De golpe recordé que efectivamente mi padre se había ido de Cuba dos meses antes de yo nacer y que en Costa Rica abrió un negocio de sombrillas. Como eso nadie lo sabía en La Habana —yo mismo no me acordaba en ese momento— la piel se me llenó de supersticiosos erizamientos. Me desprendí de su mano, negado a escuchar otra palabra, y regresé a la casa de lo más preocupado.
A partir de ese momento empecé a ver sombrillas en la sala de mi casa, forradas con telas de los más diversos colores. Para escapar a la alucinación volví a comprar sombrillas reales, también forradas de los colores más diversos. Logré una colección increíble, donde la preferida, pese a las nuevas adquisiciones, era siempre una sombrilla de guinga, cuyos cuadritos en rosa y negro destacaban ingenuamente entre todos los demás colores.

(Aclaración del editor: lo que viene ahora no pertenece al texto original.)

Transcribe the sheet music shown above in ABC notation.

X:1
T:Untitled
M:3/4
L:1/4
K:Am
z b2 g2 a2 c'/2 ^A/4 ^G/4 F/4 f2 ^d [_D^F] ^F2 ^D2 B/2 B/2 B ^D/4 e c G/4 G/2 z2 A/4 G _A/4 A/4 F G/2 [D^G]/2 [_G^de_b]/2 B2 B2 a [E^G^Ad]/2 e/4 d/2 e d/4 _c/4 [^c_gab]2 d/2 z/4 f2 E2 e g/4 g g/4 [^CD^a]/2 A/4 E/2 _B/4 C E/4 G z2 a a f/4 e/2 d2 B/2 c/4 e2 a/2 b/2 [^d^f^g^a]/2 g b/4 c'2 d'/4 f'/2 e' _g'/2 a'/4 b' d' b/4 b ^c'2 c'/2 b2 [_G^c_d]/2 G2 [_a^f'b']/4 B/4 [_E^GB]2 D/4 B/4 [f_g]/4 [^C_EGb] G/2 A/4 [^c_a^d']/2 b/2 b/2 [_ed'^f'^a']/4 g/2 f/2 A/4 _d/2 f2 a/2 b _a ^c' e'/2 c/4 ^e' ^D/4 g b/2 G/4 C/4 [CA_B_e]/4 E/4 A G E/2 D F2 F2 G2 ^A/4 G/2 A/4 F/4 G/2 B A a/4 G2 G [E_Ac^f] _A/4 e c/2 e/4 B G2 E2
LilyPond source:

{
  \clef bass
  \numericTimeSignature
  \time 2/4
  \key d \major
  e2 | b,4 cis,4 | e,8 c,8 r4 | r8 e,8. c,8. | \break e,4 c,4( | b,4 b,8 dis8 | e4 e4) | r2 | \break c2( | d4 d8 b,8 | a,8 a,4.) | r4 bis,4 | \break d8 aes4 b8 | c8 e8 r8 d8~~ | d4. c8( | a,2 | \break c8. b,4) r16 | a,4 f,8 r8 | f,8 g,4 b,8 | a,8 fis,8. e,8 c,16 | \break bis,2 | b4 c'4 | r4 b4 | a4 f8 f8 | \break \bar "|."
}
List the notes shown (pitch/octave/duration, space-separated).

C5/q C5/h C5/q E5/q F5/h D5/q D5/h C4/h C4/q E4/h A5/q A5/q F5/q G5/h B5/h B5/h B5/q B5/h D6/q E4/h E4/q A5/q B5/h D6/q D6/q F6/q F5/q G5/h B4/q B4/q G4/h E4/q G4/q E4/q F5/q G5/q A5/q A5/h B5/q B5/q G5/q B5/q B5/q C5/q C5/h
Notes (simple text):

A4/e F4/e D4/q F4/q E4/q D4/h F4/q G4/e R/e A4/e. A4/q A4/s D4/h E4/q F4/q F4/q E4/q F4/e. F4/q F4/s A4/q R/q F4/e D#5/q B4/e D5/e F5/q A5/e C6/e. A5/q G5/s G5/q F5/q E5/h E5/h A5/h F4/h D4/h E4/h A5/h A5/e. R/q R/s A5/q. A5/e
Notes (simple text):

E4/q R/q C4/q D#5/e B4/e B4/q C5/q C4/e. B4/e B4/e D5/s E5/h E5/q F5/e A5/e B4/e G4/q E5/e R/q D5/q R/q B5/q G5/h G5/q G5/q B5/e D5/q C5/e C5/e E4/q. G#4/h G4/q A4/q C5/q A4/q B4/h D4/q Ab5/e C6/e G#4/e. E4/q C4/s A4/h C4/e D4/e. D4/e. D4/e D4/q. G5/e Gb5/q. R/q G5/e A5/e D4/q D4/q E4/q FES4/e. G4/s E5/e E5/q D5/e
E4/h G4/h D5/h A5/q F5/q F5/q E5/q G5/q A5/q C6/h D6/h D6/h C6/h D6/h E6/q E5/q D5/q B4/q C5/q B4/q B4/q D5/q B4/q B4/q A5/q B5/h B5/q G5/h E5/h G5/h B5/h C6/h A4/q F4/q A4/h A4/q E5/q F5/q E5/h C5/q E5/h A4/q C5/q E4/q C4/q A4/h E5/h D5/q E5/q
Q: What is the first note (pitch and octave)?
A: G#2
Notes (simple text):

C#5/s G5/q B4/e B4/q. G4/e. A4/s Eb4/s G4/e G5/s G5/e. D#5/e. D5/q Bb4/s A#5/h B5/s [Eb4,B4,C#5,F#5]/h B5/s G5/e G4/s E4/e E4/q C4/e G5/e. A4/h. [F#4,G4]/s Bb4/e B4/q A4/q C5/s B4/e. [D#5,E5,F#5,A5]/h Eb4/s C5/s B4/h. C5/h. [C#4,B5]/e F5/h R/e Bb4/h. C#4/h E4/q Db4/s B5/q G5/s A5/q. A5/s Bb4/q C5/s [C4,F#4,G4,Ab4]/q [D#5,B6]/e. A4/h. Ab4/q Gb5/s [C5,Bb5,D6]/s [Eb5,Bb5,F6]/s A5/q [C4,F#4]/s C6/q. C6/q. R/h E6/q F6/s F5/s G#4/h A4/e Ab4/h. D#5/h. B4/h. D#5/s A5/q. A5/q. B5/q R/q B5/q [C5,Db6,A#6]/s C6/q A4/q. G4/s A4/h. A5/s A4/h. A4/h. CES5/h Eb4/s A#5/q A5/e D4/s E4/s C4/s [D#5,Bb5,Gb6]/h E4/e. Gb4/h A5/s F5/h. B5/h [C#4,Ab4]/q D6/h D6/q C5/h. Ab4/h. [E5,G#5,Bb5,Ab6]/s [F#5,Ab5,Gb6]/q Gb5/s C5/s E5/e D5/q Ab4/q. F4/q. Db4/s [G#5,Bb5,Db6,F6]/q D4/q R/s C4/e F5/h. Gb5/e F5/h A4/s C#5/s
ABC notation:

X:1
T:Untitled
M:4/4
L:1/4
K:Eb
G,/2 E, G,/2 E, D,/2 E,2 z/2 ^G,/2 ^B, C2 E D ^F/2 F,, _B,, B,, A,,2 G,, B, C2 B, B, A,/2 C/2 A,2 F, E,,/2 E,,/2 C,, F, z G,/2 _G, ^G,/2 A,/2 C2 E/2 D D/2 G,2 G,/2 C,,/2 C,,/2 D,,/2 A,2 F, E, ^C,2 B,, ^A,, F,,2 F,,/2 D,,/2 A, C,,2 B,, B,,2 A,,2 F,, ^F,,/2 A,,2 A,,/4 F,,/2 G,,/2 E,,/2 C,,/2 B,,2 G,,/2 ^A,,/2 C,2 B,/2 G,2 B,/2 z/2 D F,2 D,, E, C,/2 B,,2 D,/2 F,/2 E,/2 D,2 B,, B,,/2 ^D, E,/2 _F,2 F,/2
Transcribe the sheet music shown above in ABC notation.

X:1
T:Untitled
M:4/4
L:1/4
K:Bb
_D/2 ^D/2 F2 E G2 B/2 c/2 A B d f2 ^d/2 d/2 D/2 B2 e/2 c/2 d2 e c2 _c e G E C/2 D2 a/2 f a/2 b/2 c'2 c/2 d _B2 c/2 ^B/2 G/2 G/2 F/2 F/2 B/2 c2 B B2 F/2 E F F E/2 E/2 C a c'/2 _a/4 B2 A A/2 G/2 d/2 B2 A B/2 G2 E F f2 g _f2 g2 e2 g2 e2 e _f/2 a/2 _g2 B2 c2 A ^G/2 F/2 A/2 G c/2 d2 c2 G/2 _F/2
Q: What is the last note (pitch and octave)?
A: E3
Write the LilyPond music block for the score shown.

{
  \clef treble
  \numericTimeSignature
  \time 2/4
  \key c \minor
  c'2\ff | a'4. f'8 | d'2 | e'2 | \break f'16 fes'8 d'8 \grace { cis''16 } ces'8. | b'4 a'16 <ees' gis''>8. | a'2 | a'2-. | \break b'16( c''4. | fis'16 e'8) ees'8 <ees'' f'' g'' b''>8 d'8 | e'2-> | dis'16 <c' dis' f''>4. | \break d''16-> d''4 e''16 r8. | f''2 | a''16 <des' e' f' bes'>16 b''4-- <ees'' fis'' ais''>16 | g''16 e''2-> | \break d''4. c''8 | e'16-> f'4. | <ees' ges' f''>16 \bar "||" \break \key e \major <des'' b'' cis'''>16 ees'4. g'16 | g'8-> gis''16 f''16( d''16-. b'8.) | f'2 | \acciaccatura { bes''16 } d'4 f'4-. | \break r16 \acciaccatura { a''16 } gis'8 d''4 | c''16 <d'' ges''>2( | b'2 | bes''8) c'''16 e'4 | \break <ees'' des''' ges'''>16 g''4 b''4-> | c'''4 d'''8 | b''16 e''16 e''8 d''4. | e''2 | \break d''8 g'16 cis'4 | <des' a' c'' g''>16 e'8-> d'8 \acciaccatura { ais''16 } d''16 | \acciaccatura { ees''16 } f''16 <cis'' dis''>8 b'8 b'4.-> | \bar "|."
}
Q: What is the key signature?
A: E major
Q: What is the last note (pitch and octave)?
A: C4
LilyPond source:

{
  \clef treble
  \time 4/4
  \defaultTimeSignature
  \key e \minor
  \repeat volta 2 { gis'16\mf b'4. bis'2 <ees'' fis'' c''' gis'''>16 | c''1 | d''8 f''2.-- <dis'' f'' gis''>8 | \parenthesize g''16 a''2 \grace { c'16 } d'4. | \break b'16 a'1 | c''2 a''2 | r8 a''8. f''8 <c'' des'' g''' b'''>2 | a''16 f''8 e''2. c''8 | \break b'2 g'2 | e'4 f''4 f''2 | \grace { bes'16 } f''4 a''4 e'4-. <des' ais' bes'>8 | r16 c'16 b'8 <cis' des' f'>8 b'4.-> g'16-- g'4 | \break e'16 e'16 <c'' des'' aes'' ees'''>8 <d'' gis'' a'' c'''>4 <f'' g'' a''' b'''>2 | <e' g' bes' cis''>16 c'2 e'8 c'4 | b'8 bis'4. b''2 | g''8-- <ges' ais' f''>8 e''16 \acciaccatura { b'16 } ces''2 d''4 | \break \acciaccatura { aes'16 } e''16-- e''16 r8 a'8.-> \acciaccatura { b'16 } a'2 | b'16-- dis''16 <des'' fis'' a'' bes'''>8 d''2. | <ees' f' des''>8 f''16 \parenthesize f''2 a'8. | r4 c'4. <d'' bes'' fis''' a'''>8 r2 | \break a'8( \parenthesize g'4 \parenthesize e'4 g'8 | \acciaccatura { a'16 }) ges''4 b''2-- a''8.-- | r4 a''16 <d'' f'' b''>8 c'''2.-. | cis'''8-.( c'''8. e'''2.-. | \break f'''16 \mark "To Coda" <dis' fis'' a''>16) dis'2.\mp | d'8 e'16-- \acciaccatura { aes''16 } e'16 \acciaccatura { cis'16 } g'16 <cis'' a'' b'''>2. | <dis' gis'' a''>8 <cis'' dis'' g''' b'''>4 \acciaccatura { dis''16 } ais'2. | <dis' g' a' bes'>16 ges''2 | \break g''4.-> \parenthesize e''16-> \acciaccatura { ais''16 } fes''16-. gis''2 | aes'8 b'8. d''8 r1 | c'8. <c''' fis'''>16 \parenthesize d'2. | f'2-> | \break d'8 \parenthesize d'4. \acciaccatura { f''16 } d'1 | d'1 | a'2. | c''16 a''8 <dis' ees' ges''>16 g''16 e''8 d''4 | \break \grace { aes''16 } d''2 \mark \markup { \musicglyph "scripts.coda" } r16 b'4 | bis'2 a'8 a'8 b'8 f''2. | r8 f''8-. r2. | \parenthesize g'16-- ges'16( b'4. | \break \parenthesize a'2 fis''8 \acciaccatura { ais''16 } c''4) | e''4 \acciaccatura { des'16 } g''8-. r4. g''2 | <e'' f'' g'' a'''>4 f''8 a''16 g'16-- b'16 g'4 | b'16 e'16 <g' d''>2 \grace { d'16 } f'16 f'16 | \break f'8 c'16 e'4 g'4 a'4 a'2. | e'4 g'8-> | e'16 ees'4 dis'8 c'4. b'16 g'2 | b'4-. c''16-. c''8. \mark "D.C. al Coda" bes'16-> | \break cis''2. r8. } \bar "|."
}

Una noche mi madre se me apareció y me dijo que eso no estaba bien; que era como decir que yo había tenido muchos padres y que debía, por lo mismo, quedarme con una sola sombrilla. Rechacé su mandato y pensé que todo aquello sucedía a causa de mis nervios estropeados, pero mi madre continuó apareciéndoseme todas las noches y quejándose de lo mismo.
Poco a poco fui deshaciéndome de las sombrillas hasta que, aterrado, me llegó la idea de que hacerlo al azar era la peor de las torpezas y que, sin darme cuenta, podía echar de la casa a mi padre. Ni siquiera estaba convencido de que él fuera la sombrilla de guinga que tanto me llamaba la atención.